LA RESURREZIONE DEL CRISTO VIVENTE : KERIGMA CRISTIANO (20/2/2019)




La Resurrezione di Cristo è stato l’evento con la Pentecoste che ha «svelato» per gli Apostoli la portata dell’identità e missione di Gesù di Nazareth ben oltre alla sua predicazione pre-pasquale, già così carismatica, oltre i «confini» del popolo ebraico e anche oltre i confini della storia. La fede nel Risorto che si fonda su di un avvenimento reale è ciò che stupisce e muove l’impegno di evangelizzazione dei Dodici a partire da Gerusalemme fino ai confini della terra.


La teologia dopo l’illuminismo si è posta il problema se la Resurrezione possa essere catalogata e considerata come storica. Per Bultmann la realtà della Resurrezione di Cristo si identifica con quello del Kerigma. L’atteggiamento dei discepoli e degli Apostoli nei confronti dello scandalo della croce cambia radicalmente proprio per il loro incontro con il Risorto, e ciò è un dato di fatto che sottolinea la veridicità dell’evento nel contesto di un periodo storico: quello vissuto dalla comunità post-pasquale e nell’era apostolica. Infatti basterebbe prendere la Prima Lettera ai Corinzi dove l’apostolo Paolo fa una difesa della veridicità della Resurrezione di Cristo contro i delatori e i negatori della Risurrezione di Gesù.

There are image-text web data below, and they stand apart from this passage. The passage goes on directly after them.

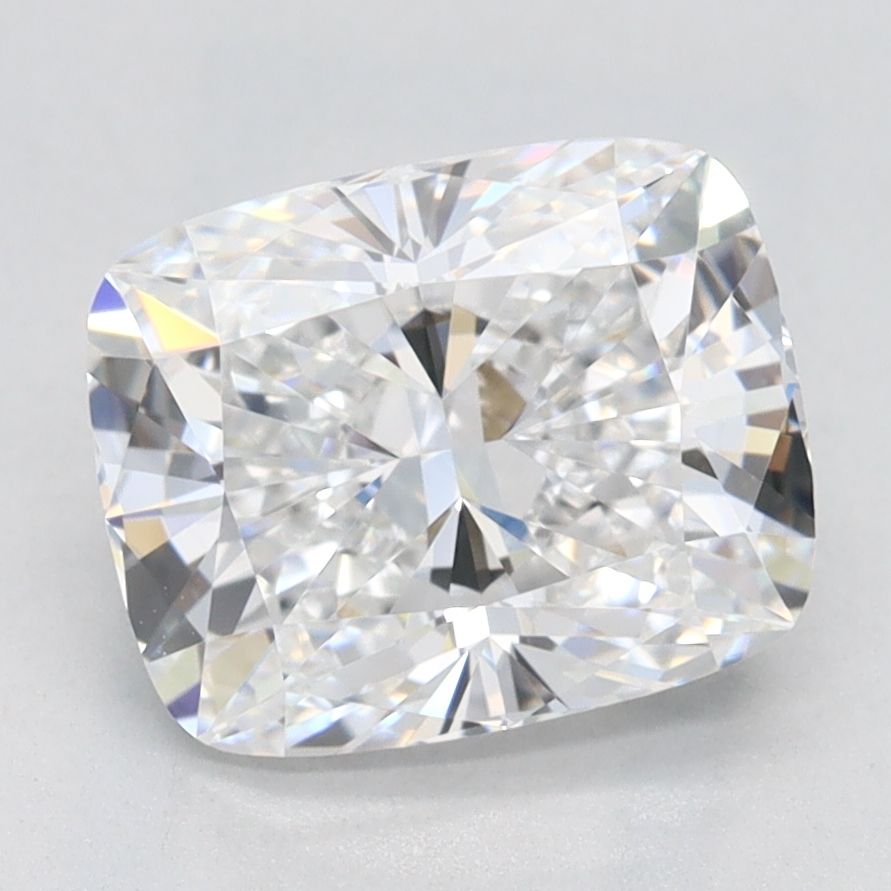2.12 Carat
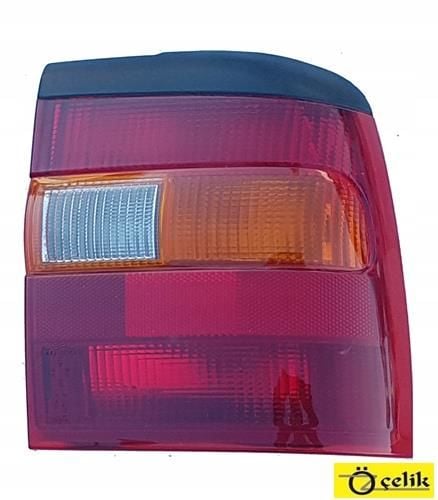 OPEL VECTRA A SAĞ STOP - DEPO MARKA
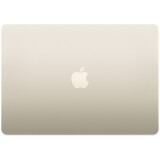 Ноутбук Apple MacBook Air 15 (M3, 2024) (MXD33LL/A)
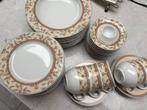 🍊 Koffietijd / Art Design servies 🍊, Huis en Inrichting, Overige typen, Ophalen of Verzenden, Zo goed als nieuw, Overige stijlen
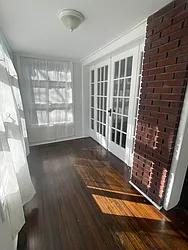 25-14 37th Street, #1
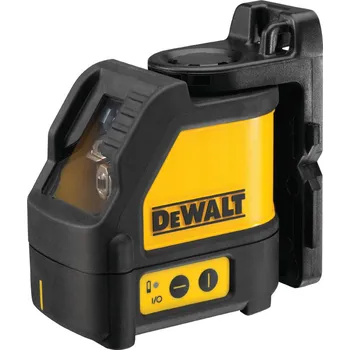 DeWALT DW088K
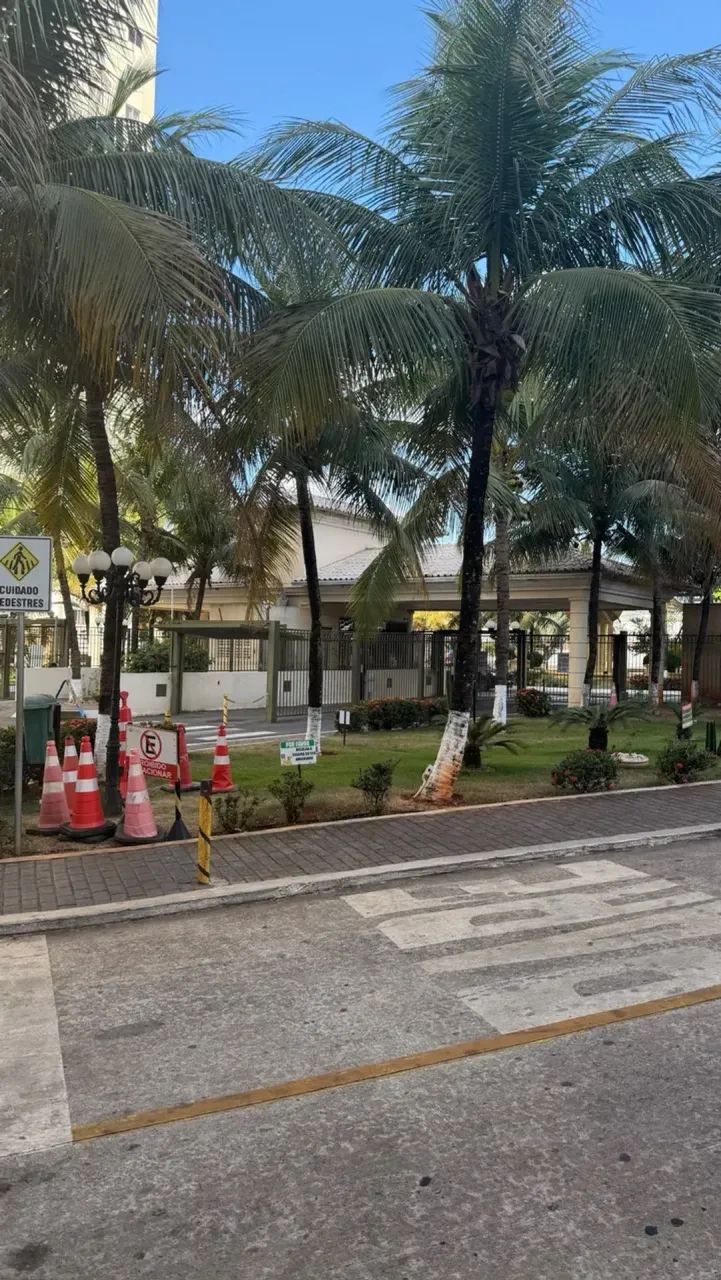 Residencial Tropicale - Foto 3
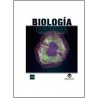 Biología básica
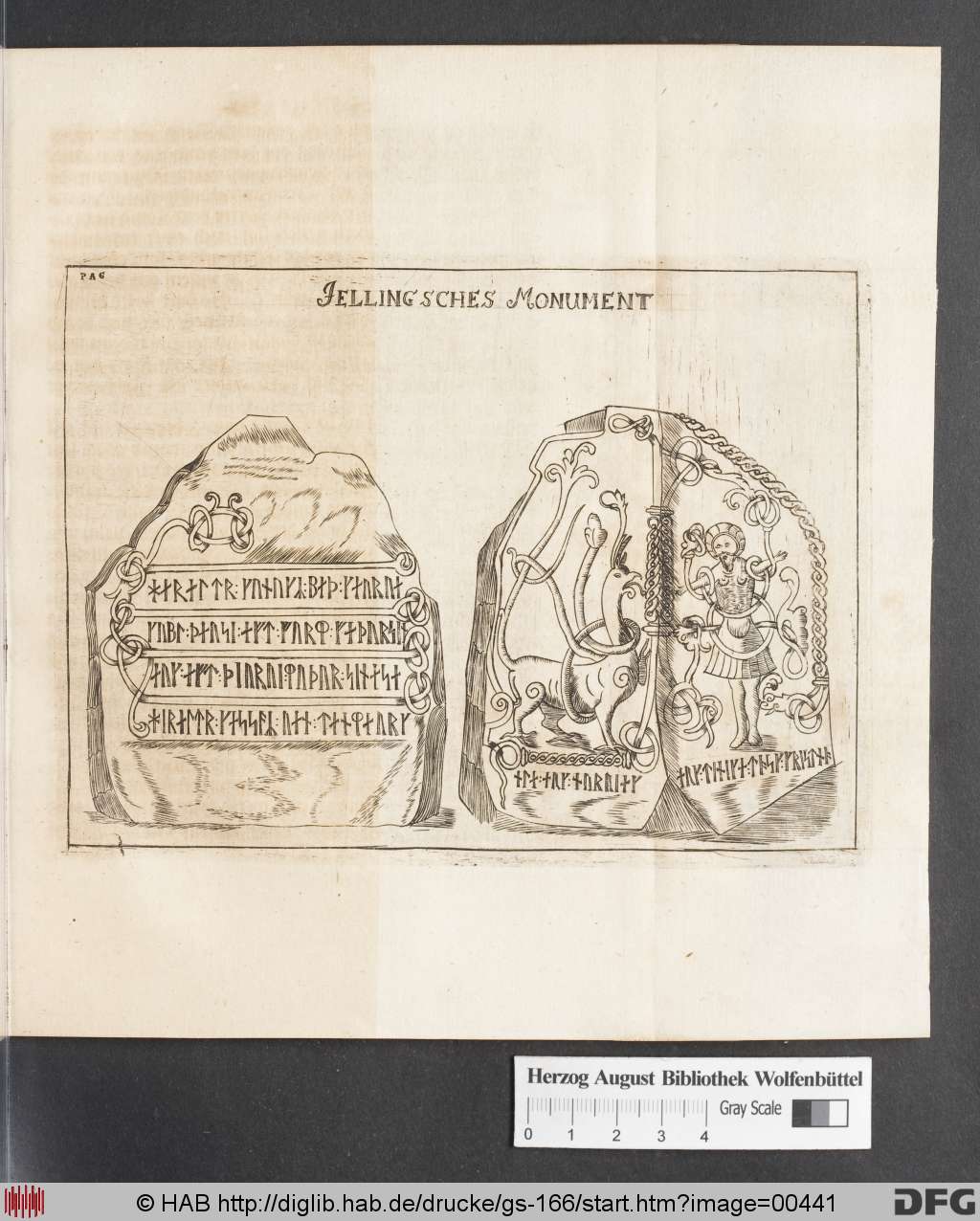 http://diglib.hab.de/drucke/gs-166/00441.jpg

L’animo con cui l’Apostolo tratta l’argomento indica la sua convinzione della realtà dell’evento e della veridicità dei testimoni. E tra l’altro l’Apostolo non si limita a sostenere il fatto in sé per Cristo Gesù ma l’evento reale della sua Resurrezione porta con sé anche l’aspetto escatologico in quanto essa è anticipo e ragion d’essere della resurrezione futura nella Parusia di Cristo il Vivente di tutti coloro che in Lui credono e crederanno (1Cor 15, 3-25).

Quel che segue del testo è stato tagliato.